FILE PHOTO: An employee places ingots of 99.99 percent pure gold in a workroom at the Novosibirsk precious metals refining and manufacturing plant in the Siberian city of Novosibirsk, Russia, September 15, 2023. REUTERS/Alexander Manzyuk/File Photo
FILE PHOTO: An employee places ingots of 99.99 percent pure gold in a workroom at the Novosibirsk precious metals refining and manufacturing plant in the Siberian city of Novosibirsk, Russia, September 15, 2023. REUTERS/Alexander Manzyuk/File Photo

Gold prices rose on Monday, buoyed by a softer dollar as investors braced for a week packed with US economic data that could offer more clues on the US Federal Reserve's monetary policy.

Spot gold rose 1.2% to $5,018.56 per ounce by 9:30 a.m. ET (1430 GMT), extending a 4% rally from Friday.

US gold futures for April delivery also gained 1.3% to $5,042.20 per ounce.

The US dollar fell 0.8% to a more than one-week low, making greenback-priced bullion cheaper for overseas buyers.

"The big mover today (in gold prices) is the US dollar," said Bart Melek, global head of commodity strategy at TD Securities, adding that expectations are growing for weak economic data, particularly on the labor front, Reuters reported.

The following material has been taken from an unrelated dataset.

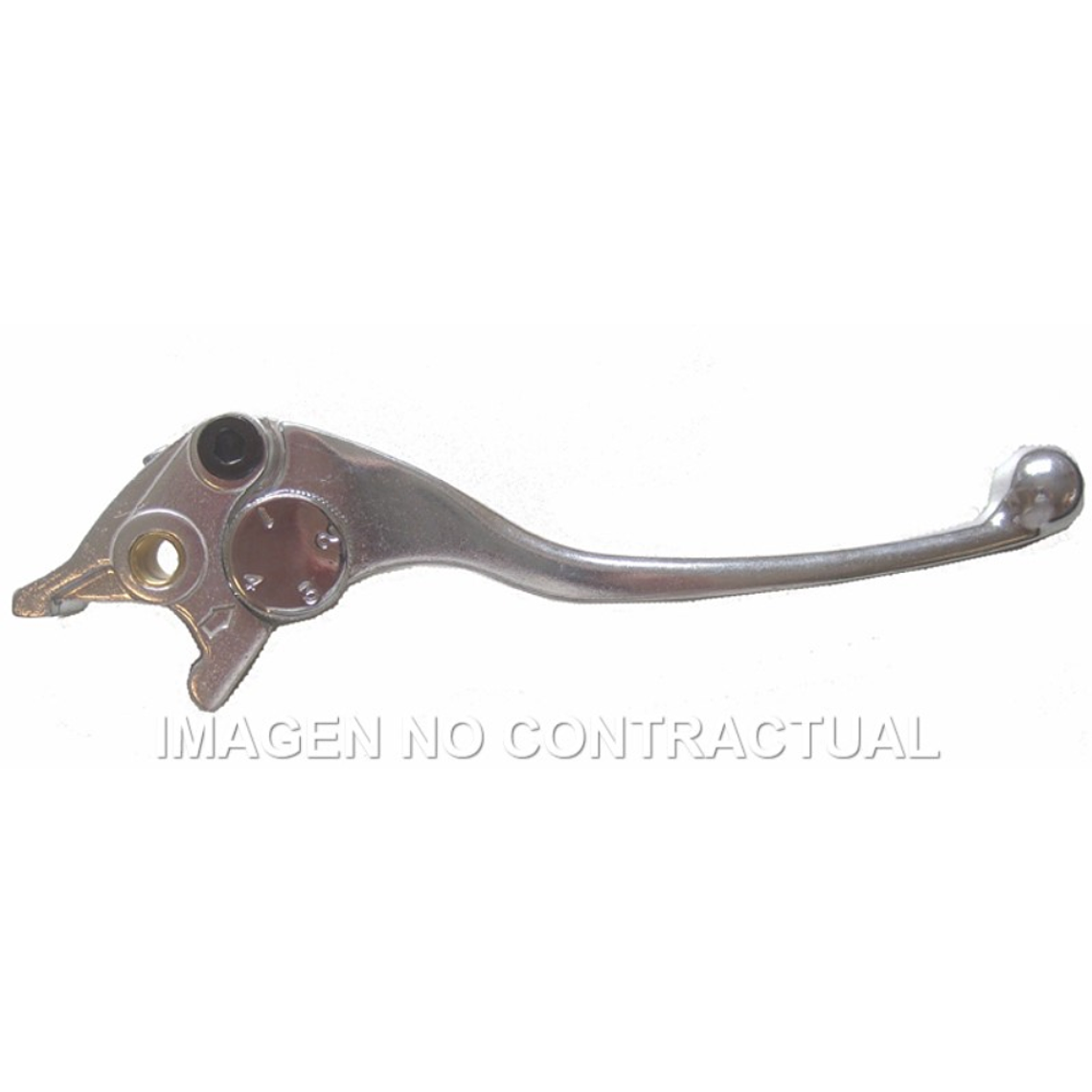 Manete Travão Kymco X Citing  1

Investors are closely watching this week's release of US nonfarm payrolls, consumer prices and initial jobless claims for fresh signals on monetary policy, with markets already pricing in at least two rate cuts of 25 basis points in 2026.

US nonfarm payrolls are expected to have risen by 70,000 in January, according to a Reuters poll.

Lower interest rates tend to support gold by reducing the opportunity cost of holding the non-yielding asset.

Meanwhile, China's central bank extended its gold buying spree for a 15th month in January, data from the People's Bank of China showed on Saturday.

"The debasement trade continues, with ongoing geopolitical risks driving people into gold," Melek said, adding that China's purchases have had a psychological impact on the market.

Spot silver climbed 2.9% to $80.22 per ounce after a near 10% gain in the previous session. It hit an all-time high of $121.64 on January 29.

Spot platinum was down 0.2% at $2,092.95 per ounce, while palladium was steady at $1,707.25.

"A slowdown in EV sales hasn't really materialized despite all the policy softening, so I do see that platinum and palladium will possibly slow down," after a bullish run in 2025, WisdomTree commodities strategist Nitesh Shah said.